Wells testified at the grand jury investigation because he wanted to tell his side of the story.
"I'm the only person here that can stand up for Dez and try to clear his name as a man," Shiverdecker said. "He's a good young man. Nobody wants to have a label put on them as a rapist particularly when you know you didn't do it -- when you know that it was unfounded -- the charges and the allegations. So, that's what we're trying to do is clear Dez's name so whatever he can do in the rest of his life he can walk around with his head high knowing that he has been vindicated in this judicial process."
Shiverdecker said the process at Xavier was not ideal.
"I'm not here to criticize Xavier University," Shiverdecker said. "I think we got an unfair result in the process because I don't think the process is geared to deal with these types of issues. The people that are involved in conducting the hearings or making the decision don't have the background, training, education to make these kinds of decisions and sum up with the right result. I believe Xavier was committed because of their consent decree with the Department of Education -- they are committed to a process. Sometimes in following the process, we lose sight of what the objective of the process is and that ultimately is to come to a right and just decision. Someone in this process, the concept of justice seems to have been lost."
The two aren't considering going to court just yet to get Wells reinstated at the school.
"What we're hoping that will happen is that the right thing will be done here," Shiverdecker said. "The right thing would be for Xaiver in my opinion to right the wrong that's occurred and have Dez come back there resume
his education and be a leader at that school."
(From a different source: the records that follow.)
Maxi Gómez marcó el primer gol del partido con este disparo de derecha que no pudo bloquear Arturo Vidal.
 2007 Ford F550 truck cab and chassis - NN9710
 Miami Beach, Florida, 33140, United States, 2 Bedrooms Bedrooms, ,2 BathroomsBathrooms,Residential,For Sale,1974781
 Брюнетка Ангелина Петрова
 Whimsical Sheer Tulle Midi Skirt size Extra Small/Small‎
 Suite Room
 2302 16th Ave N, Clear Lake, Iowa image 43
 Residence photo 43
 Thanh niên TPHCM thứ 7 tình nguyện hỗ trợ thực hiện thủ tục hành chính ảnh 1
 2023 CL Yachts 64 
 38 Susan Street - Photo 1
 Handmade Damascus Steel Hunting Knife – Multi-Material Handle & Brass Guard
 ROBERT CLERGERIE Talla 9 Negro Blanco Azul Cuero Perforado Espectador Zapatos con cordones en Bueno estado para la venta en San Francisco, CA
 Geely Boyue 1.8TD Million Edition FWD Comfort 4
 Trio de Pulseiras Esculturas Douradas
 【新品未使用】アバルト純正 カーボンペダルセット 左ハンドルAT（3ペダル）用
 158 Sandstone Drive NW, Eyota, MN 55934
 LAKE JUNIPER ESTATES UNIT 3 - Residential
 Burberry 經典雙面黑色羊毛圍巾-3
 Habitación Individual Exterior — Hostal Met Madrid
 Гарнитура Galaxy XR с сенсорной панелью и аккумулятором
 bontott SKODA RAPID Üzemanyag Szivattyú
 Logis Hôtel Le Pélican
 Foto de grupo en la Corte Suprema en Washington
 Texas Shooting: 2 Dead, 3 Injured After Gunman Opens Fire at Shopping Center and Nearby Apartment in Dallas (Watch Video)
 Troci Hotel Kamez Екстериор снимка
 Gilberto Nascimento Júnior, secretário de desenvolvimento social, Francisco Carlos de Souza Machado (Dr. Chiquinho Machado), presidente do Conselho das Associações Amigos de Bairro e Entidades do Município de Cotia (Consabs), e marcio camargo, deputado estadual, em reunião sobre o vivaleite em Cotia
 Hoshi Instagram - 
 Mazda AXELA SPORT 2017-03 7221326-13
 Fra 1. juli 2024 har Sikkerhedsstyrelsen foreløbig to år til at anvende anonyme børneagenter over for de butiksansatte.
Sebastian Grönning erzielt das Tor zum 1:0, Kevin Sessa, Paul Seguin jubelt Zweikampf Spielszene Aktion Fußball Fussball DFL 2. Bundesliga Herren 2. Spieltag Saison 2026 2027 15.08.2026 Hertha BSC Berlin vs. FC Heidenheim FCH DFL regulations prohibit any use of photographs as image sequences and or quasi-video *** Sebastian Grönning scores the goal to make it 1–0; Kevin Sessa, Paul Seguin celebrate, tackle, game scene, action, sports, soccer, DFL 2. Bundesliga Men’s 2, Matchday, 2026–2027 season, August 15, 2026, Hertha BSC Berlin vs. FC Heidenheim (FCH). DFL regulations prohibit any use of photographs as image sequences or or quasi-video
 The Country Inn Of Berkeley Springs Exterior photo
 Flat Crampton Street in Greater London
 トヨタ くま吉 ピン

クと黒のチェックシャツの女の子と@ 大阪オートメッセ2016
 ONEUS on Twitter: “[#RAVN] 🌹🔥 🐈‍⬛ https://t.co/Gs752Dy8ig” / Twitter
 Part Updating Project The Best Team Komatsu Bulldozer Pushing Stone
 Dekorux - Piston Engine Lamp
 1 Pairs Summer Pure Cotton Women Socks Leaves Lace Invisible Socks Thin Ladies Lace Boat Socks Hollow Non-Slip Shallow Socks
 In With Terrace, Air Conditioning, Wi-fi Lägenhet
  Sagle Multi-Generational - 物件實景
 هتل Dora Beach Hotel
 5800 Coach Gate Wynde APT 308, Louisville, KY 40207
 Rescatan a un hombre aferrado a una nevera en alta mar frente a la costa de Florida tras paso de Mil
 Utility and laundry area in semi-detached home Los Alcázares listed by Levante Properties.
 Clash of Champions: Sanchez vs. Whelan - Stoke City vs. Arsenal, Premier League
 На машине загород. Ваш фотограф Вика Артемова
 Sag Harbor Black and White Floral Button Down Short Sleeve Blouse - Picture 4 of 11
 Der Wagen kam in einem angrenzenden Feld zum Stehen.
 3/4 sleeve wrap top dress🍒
"We got a bad decision at Xavier. We got a good decision out of the legal system," Shiverdecker said. "Hopefully, Dez can get his reputation back and ideally he'd be back playing basketball at XU if everything fell in place the right way. I'm sure his teammates and staff up there would love to have him back."
Read the full statement issued by Xavier University in response to the grand jury's findings below:
Federal Law (Title IX) and Federal regulations and guidances prohibit universities from ceding student conduct matters to the criminal justice system. The Federal law requires schools to act quickly and all schools, by law, must use the "preponderance of the evidence" standard, whereas the criminal justice system uses the "probable cause" standard to indict, and the "beyond a reasonable doubt" standard to convict.
The process used by the Xavier University Conduct Board is the standard used in American universities. The XU Conduct Board heard evidence that may or may not have been heard by the grand jury. After the conduct board reached its decision, the matter was considered and upheld by an appeal board of members of the student body, faculty and staff and is final.
Wells, a 6'5" guard/forward for the men's basketball team and member of the 2012 Atlantic 10 All-Rooke Team, started 32 games as a freshman in the 2011-12 season, helping XU reach the Sweet Sixteen in the NCAA Tournament. He finished fourth on the team in scoring with 9.8 points per game and third on the team in rebounding with 4.9 rebounds per game.
Xavier now has no returning starters, and only two guards on the roster that have any collegiate experience in Brad Redford and Dee Davis. Forward Travis Taylor is now the returning leading scorer on the team with 4.5 points per game in the 2011-12 season.